2012-01-12 Thread ebotcazou at gcc dot gnu.org
http://gcc.gnu.org/bugzilla/show_bug.cgi?id=51821

Eric Botcazou  changed:

   What|Removed |Added

 Status|ASSIGNED|NEW
 AssignedTo|ebotcazou at gcc dot|unassigned at gcc dot
   |gnu.org |gnu.org

--- Comment #15 from Eric Botcazou  2012-01-12 
13:20:01 UTC ---
> Please look into "peep2_insn_data[from].live_before" array and
> "peep2_insn_data[from+1].live_before". You will see that the difference is 
> only in ax register.
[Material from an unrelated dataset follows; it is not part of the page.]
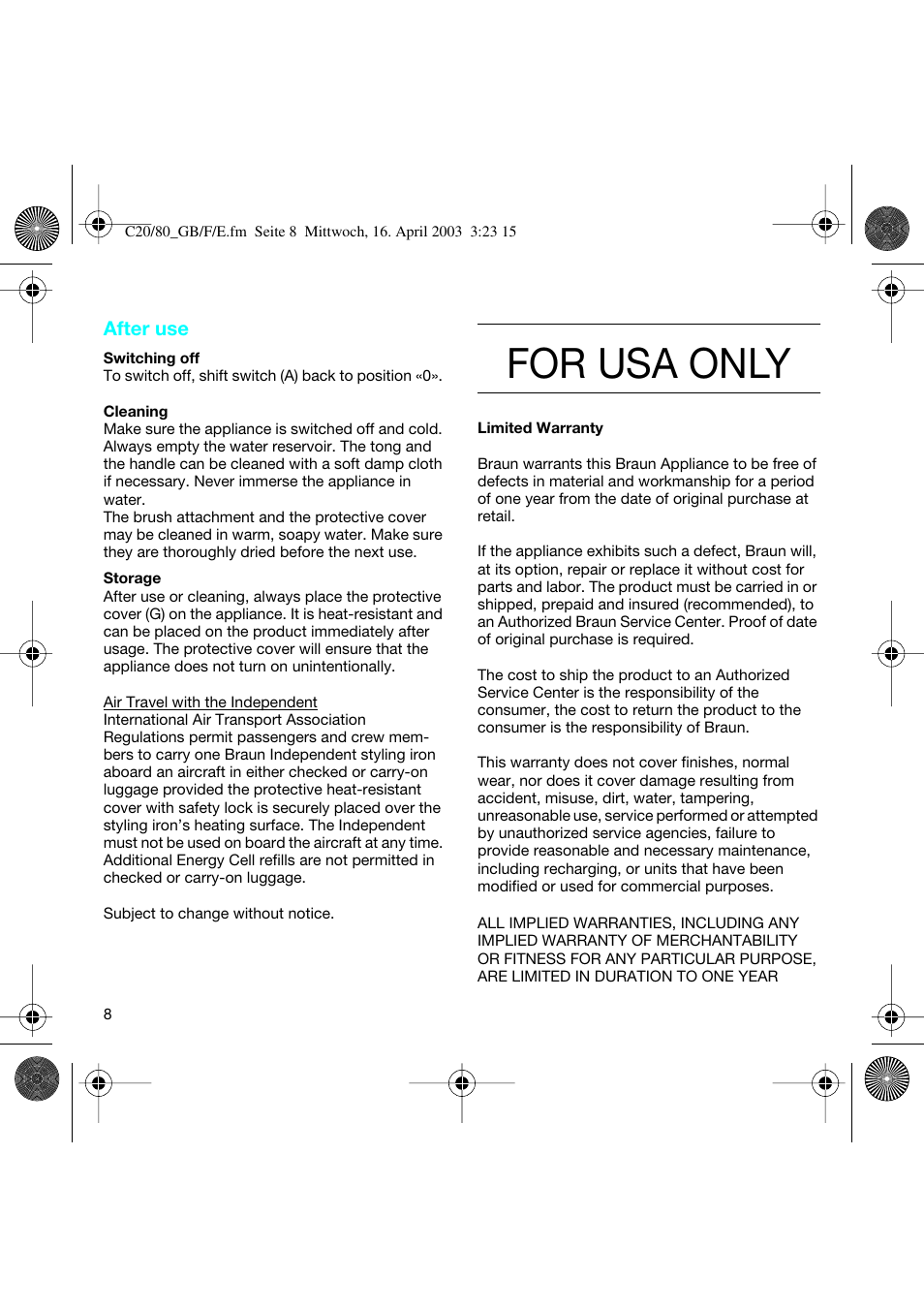 For usa only | Braun C20 Independent Steam User Manual | Page 8 / 17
This array is set with df_simulate_one_insn_forwards,
> and this particular function indeed clears set hard registers when REG_UNUSED
> note is found (this is OK for live analysis).

I did and saw exactly that.  The problem is that I missed the REG_UNUSED note
for edx among the 3 other notes (and also that you specifically mentioned it in
the comment #9).  OK, DF appears to be correct here, or at least consistent.

> and since the difference between live registers before/after the insn is only
> ax register, the loop claims others (including dx reg) as "available". The
> calculation, which register is _NOT_CLOBBERED_ by the pattern from "live"
> information is thus not enough, we have to look into the pattern and mark all
> hard registers that are set or clobbered as _NOT_AVAILABLE_ in the register
> set.

Yes, this seems to be the correct approach.


[Bug rtl-optimization/51821] [4.5/4.6/4.7 Regression] 64bit > 32bit conversion produces incorrect results with optimizations

2012-01-12 Thread ubizjak at gmail dot com
http://gcc.gnu.org/bugzilla/show_bug.cgi?id=51821

--- Comment #14 from Uros Bizjak  2012-01-12 11:42:00 
UTC ---
(In reply to comment #12)

> I'm not sure I understand.  If the peephole matches, then the insn pattern is
> present in the insn stream with instantiated registers, so it's sufficient to
> scan the insn stream.  AFAICS the code doesn't see that edx is live after the
> instruction because DF reports that only eax is; of course it's eax in DImode
> so edx is "implicitly" live, but it's nevertheless live.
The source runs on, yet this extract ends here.